InvAD: Inversion-based Reconstruction-Free Anomaly Detection with Diffusion Models
Shunsuke Sakai, Xiangteng He, Chunzhi Gu, Leonid Sigal, Tatsuhito Hasegawa
TL;DR
InvAD addresses the efficiency accuracy tradeoff in diffusion based anomaly detection by replacing pixel space reconstruction with latent inversion. It performs inference on a latent diffusion trajectory in a small number of steps and uses a combined log likelihood and norm based score to robustly detect anomalies in a reconstruction free setting. The key contributions are identifying the limitations of RGB denoising approaches, proposing a latent inversion based framework, and demonstrating state of the art performance with substantial inference time gains across industrial and medical benchmarks. The approach is plug and play for existing diffusion models and shows practical gains in real world anomaly detection tasks.
Abstract
Despite the remarkable success, recent reconstruction-based anomaly detection (AD) methods via diffusion modeling still involve fine-grained noise-strength tuning and computationally expensive multi-step denoising, leading to a fundamental tension between fidelity and efficiency. In this paper, we propose InvAD, a novel inversion-based anomaly detection approach ("detection via noising in latent space") that circumvents explicit reconstruction. Importantly, we contend that the limitations in prior reconstruction-based methods originate from the prevailing "detection via denoising in RGB space" paradigm. To address this, we model AD under a reconstruction-free formulation, which directly infers the final latent variable corresponding to the input image via DDIM inversion, and then measures the deviation based on the known prior distribution for anomaly scoring.

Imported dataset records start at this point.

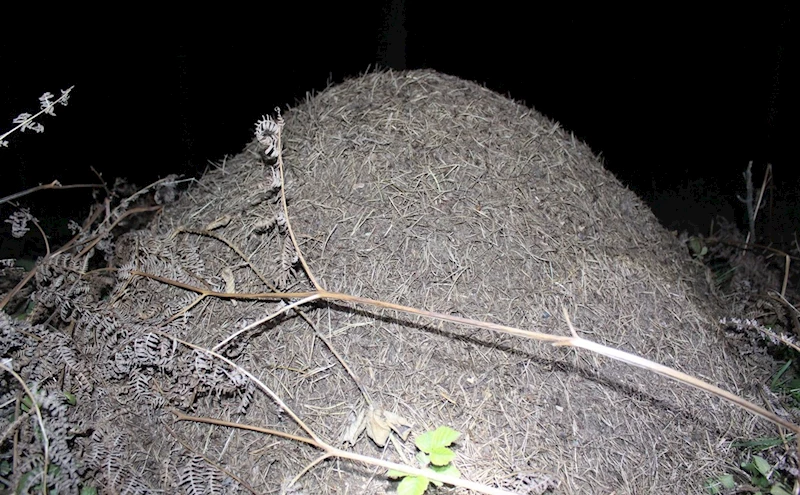 Vezirköprü’de gece yarısı kırmızı karınca operasyonu: Zararlı böcekleri yiyecek
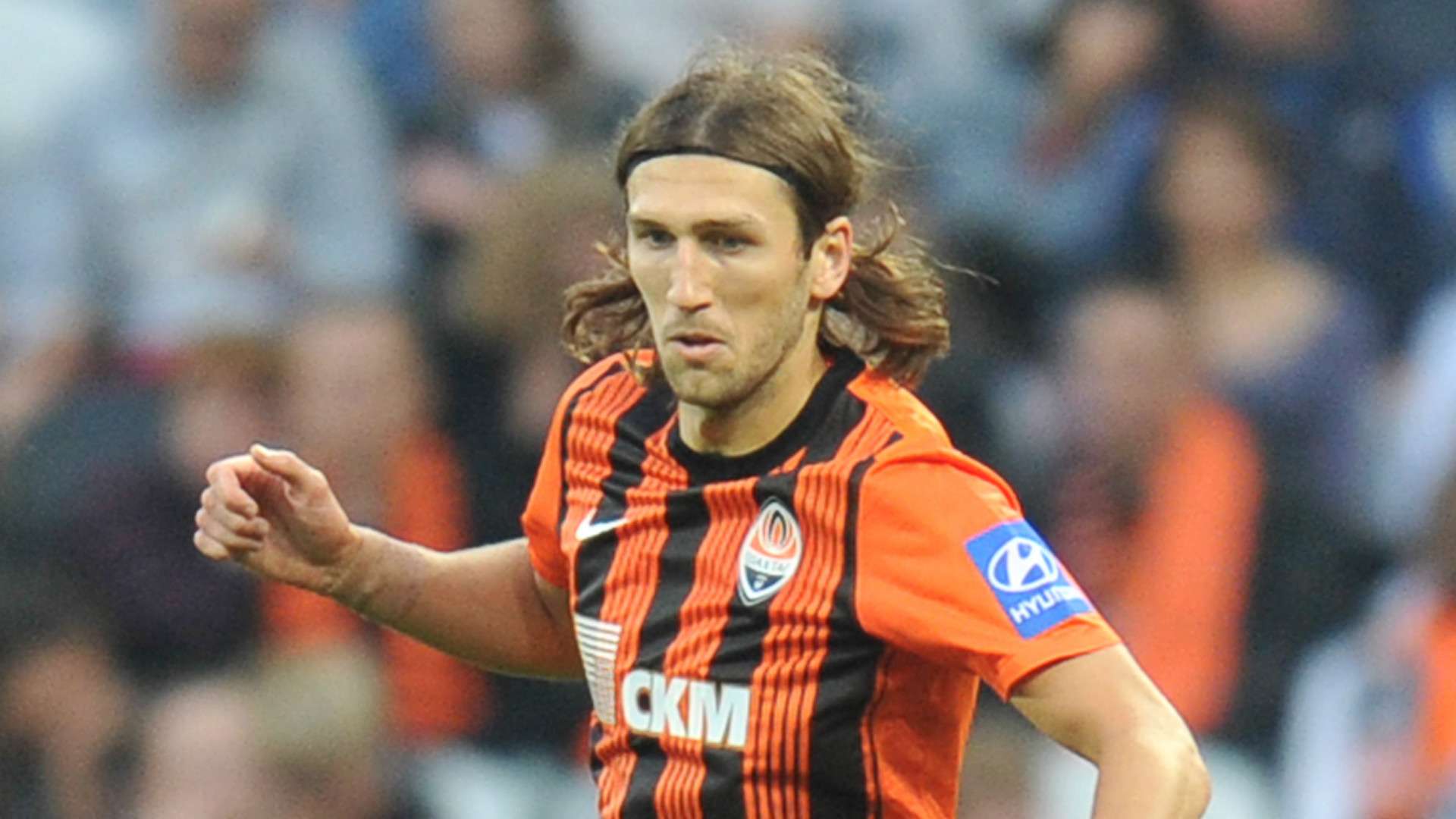 当家人需要 当家人需要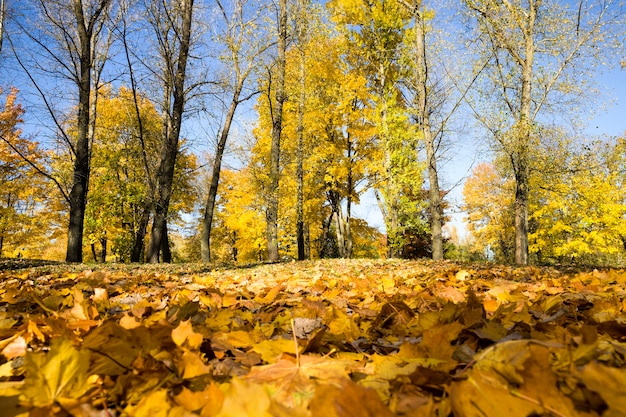 Luminoso clima autunnale nel parco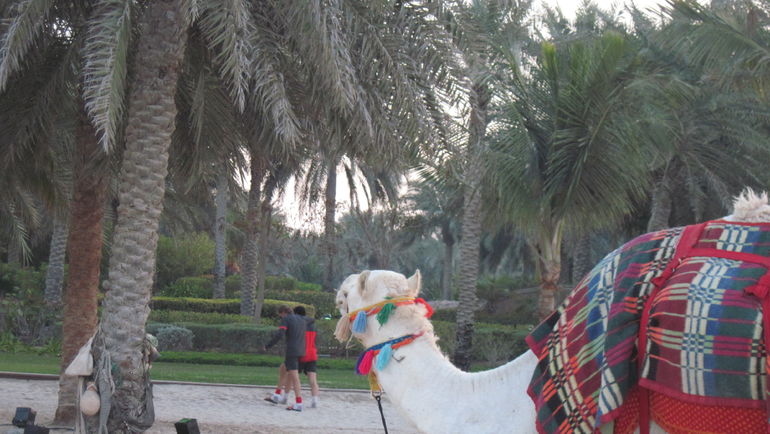Верблюд на пляже Emirates Palace. Фото "СЭ"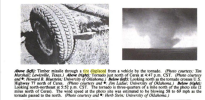 Screenshot_2021-04-01 Storm Data - Google Books.png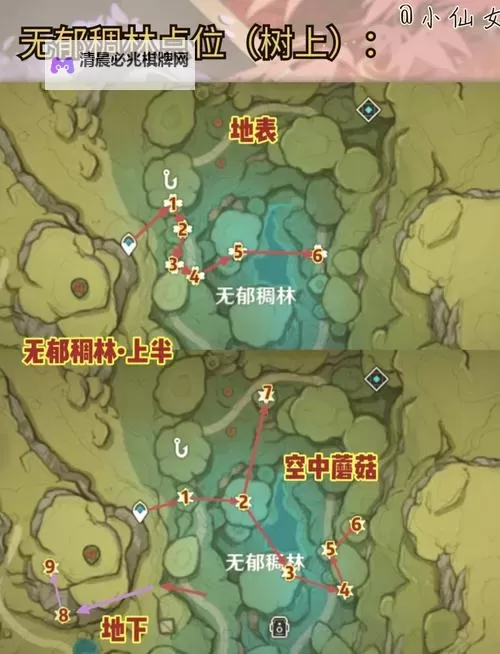 《原神》树王圣体菇采集路线一览 树王圣体菇在哪买图1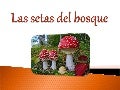 Presentacionsetasadrian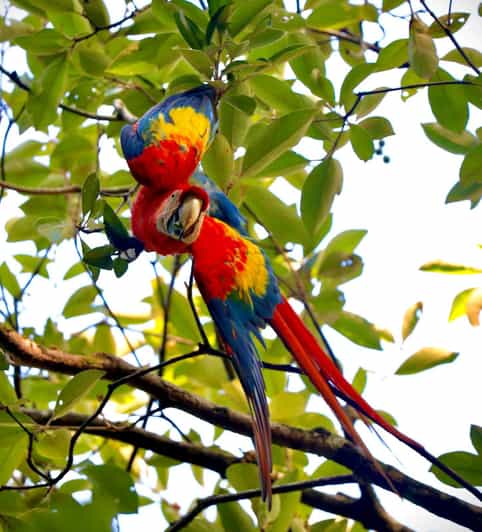 Marino Ballena National Park Private Naturalist Hike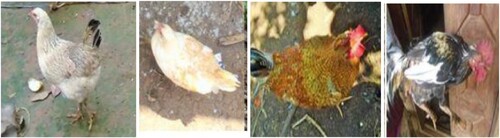 Figure 7. Plumage color of indigenous chickens of Southwestern Ethiopia (Assefa and Melesse Citation2018). Chickens of the study were sampled from three districts of the Sheka Zone (Masha, Yeki, and Andracha) of Southwestern Ethiopia. These locations are characterized by evergreen vegetation cover, elevations ranging from 1001 to 3400 m above sea level, a mean annual temperature range of 15.1–27.5 °C, and a mean annual rainfall range of 117–2200 mm. Furthermore, the mentioned districts across regions are much apart from one another; for instance, the Hula district of the Sidama region is at the Southern tip, and the Sekota district of Eastern Amhara is at the Northern tip, about 1250 km away. Thus, the observed similarity between chickens for morphometric and physical features (plumage color morphology) could be explored in depth.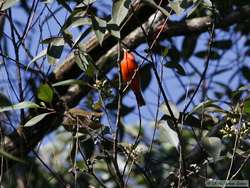 Brazilian Tanager  (Ramphocelus bresilius)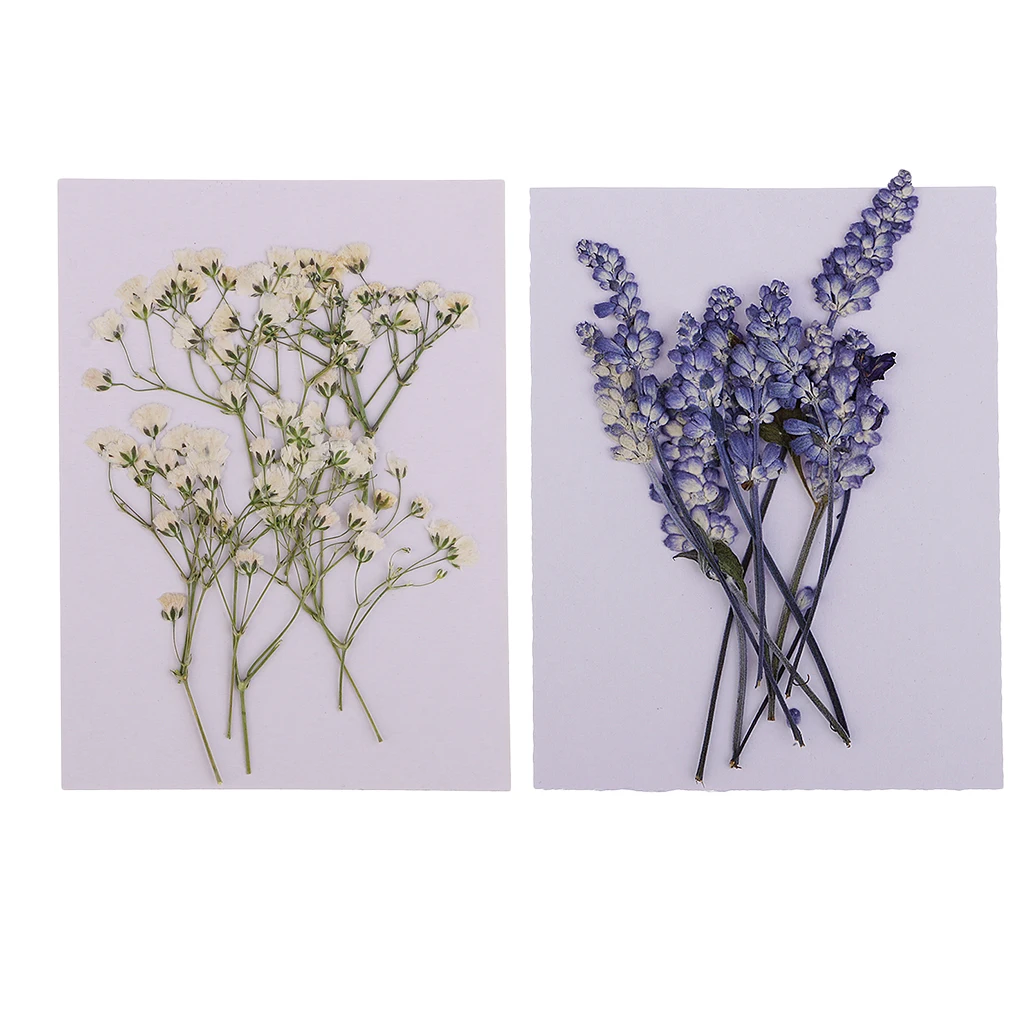 MagiDeal 20x Pressed Dried Flowers Real Babysbreath Sage DIY Scrapbooking Arts Crafts Fake Flowers for gift packaging DIY Craft 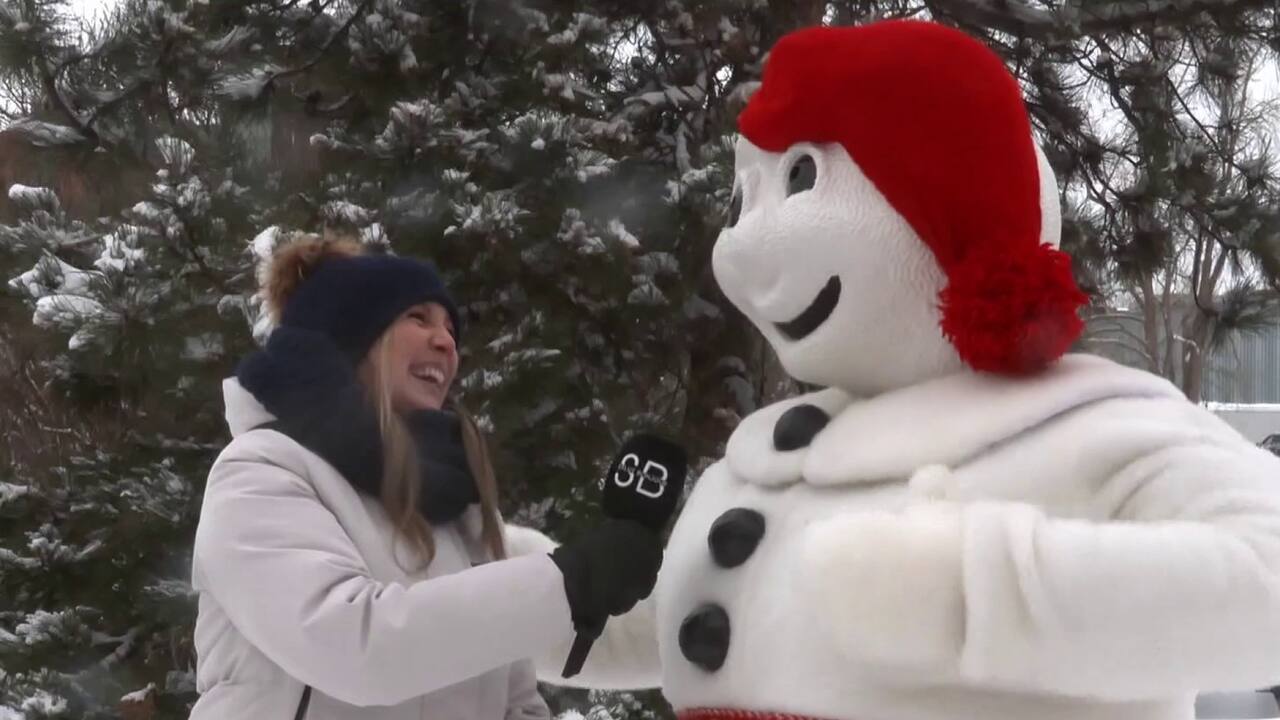 Bonhomme Carnaval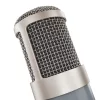 Universal Audio Bock 167 Profesyonel Tüplü Stüdyo Mikrofon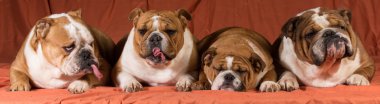 dört köpek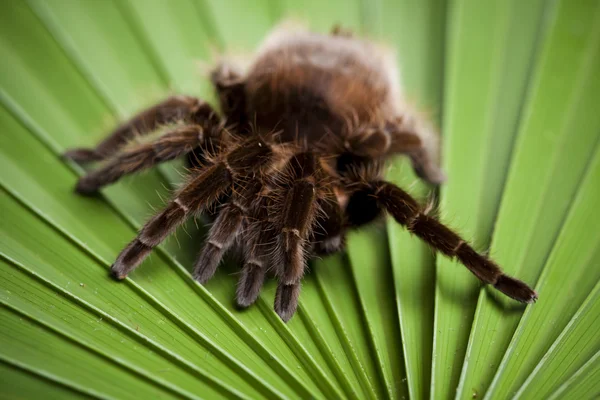 Yaprak üzerinde korkunç örümcek — Stok fotoğraf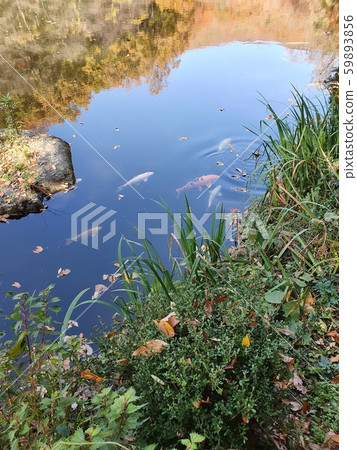 Autumn lake Autumn lake 59893856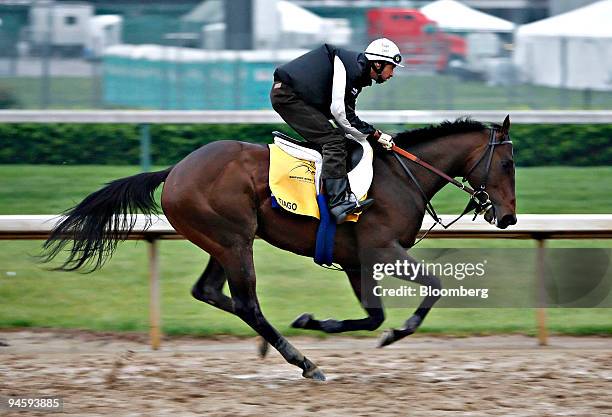 Kentucky Derby hopeful Tiago runs on the track during morning workouts, Thursday, May 3 at Churchill Downs in Louisville, Kentucky. Trainer John...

Specifically, in approximating the original probability flow ODE using the Euler method, we enforce only a few inversion steps to noise the clean image to pursue inference efficiency. As the added noise is adaptively derived with the learned diffusion model, the original features for the clean testing image can still be leveraged to yield high detection accuracy. We perform extensive experiments and detailed analyses across four widely used industrial and medical AD benchmarks under the unsupervised unified setting to demonstrate the effectiveness of our model, achieving state-of-the-art AD performance and approximately 2x inference-time speedup without diffusion distillation.